El primer jinete fue el colapso del sistema bancario en 2008 en Estados Unidos por especulaciones absurdas con los créditos hipotecarios. La crisis se expandió a Europa en 2009, a raíz de la caída del valor de los títulos inmobiliarios. Para salvar al sistema financiero los países destinaron cerca de 4 mil millones de dólares, una cifra enorme si se tiene en cuenta que los bancos siguen teniendo unos 800 mil millones de dólares en activos tóxicos.

Los bancos tuvieron que pagar 220 mil millones de dólares en multas por actividades ilegales, pero ningún gerente fue condenado. Europa no volvió a la situación anterior a la crisis. Numerosos puestos de trabajo desaparecieron por la deslocalización de la producción hacia lugares más baratos y aumentaron los empleos de bajos salarios, además de los empleos precarios.

Según la Organización para la Cooperación y el Desarrollo Económico (OCDE), un trabajador gana actualmente en términos reales 16% menos que antes de la crisis, lo que ha afectado principalmente a los sectores más jóvenes, con apenas un 10.5% de empleo promedio en Europa. El único sector que crece es el sector bancario, al que el Banco Central Europeo vuelca 80 mil millones de dólares cada mes. Con ese monto se habría resuelto fácilmente la falta de empleo juvenil.
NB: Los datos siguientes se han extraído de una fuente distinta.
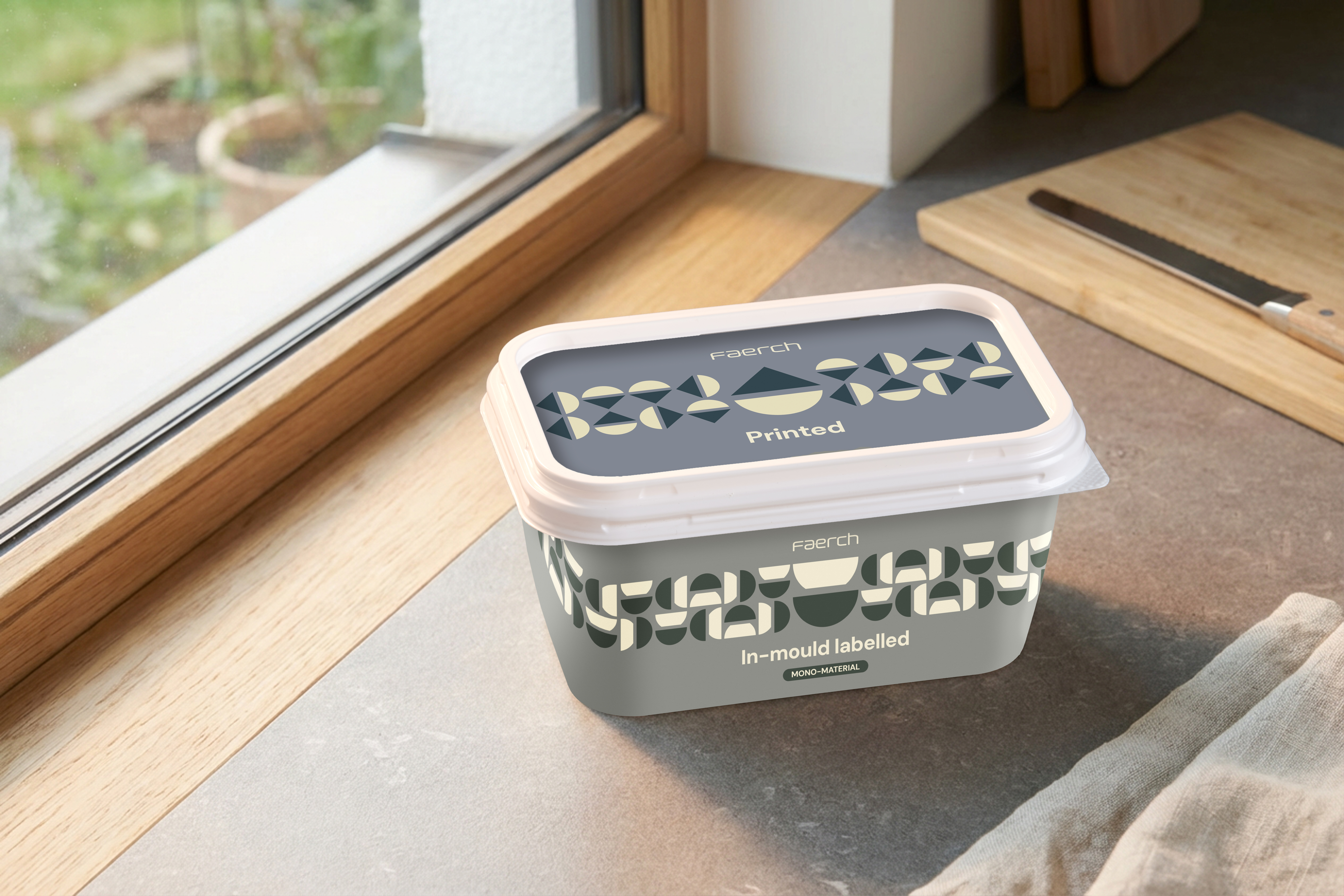 PP_Printed_IML_Dairy_Spread(3)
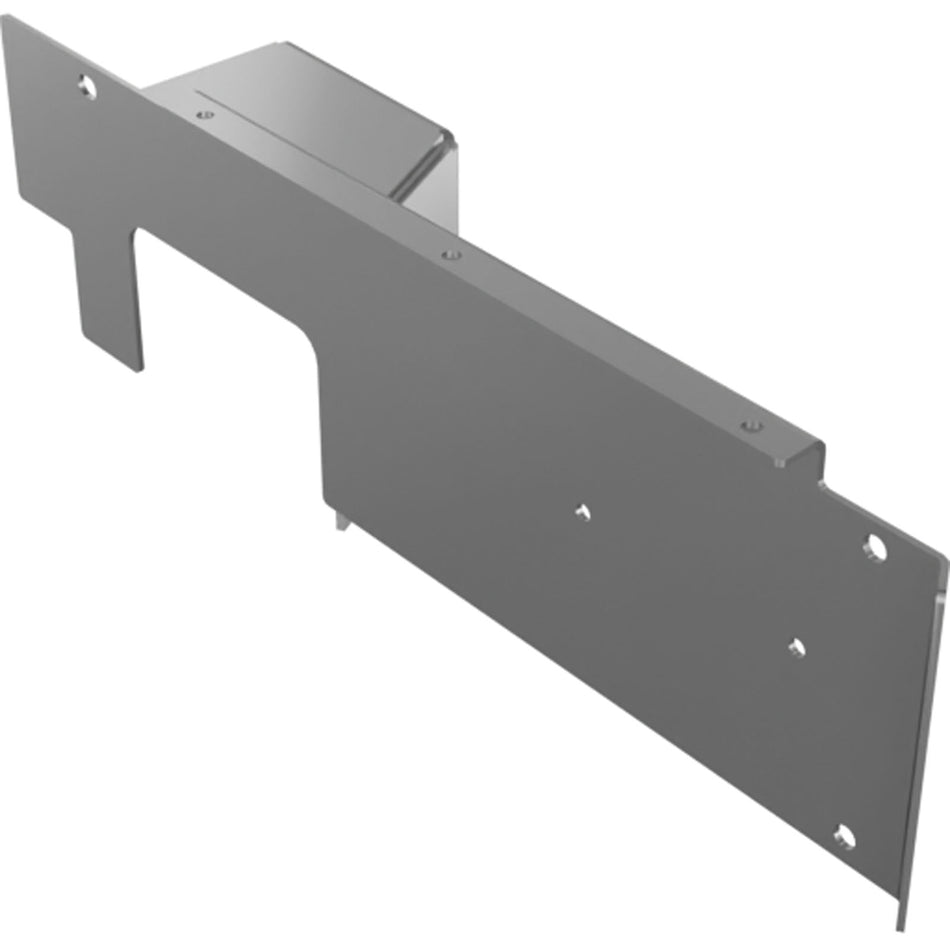 OEM Genie 1299907GT product image 1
DESEMPLEO ESTRUCTURAL, TERRORISMO Y POPULISMO


Los economistas hablan ahora de una “Nueva Economía”, en la que el desempleo será siempre estructural. De 1959 a 1973 el crecimiento mundial se ubicó por encima del 5% anual. Se redujo al 3% anual en 1973, cuando la crisis del petróleo, que marcó un cambio. Desde 2007 el crecimiento no logra llegar al 1%.
A esto hay que agregar el desempleo creciente propiciado por el desarrollo tecnológico. Las fábricas necesitan una proporción menor de trabajadores. La Cuarta Revolución Industrial, que implica la producción robotizada, y que ya representa el 12% del total de la producción mundial, se elevará al 40% en 2025.

Algunos economistas, como el estadounidense Larry Summers, una voz oficial del sistema, dicen que estamos en un período de estancamiento que durará varios años. El temor por el futuro se volvió una realidad, avivado por el terrorismo y el desempleo, que va acompañado del sueño de muchas personas que creen que es posible volver a un pasado mejor.

De esa nostalgia se aprovechan, figuras populistas, desde el estadounidense Donald Trump a la francesa Marine Le Pen. Una de las consecuencias de la crisis actual es que en varios países europeos han aparecido partidos populistas, con plataformas nacionalistas y xenófobas, 47 la última vez que fueron contados. Muchos ya están en el gobierno o integran coaliciones gobernantes: en Eslovaquia, Hungría y Polonia, y habrá que prestar atención a las próximas elecciones de Austria.

SEGUNDO JINETE: EMIGRACIÓN MASIVA SOBRE EUROPA


El segundo jinete del Apocalipsis es el resultado de las intervenciones armadas de Estados Unidos en Iraq y las de Europa en Libia y Siria, donde jugó un papel particular el ex-Presidente de Francia Nicolas Sarkozy (2007-2012).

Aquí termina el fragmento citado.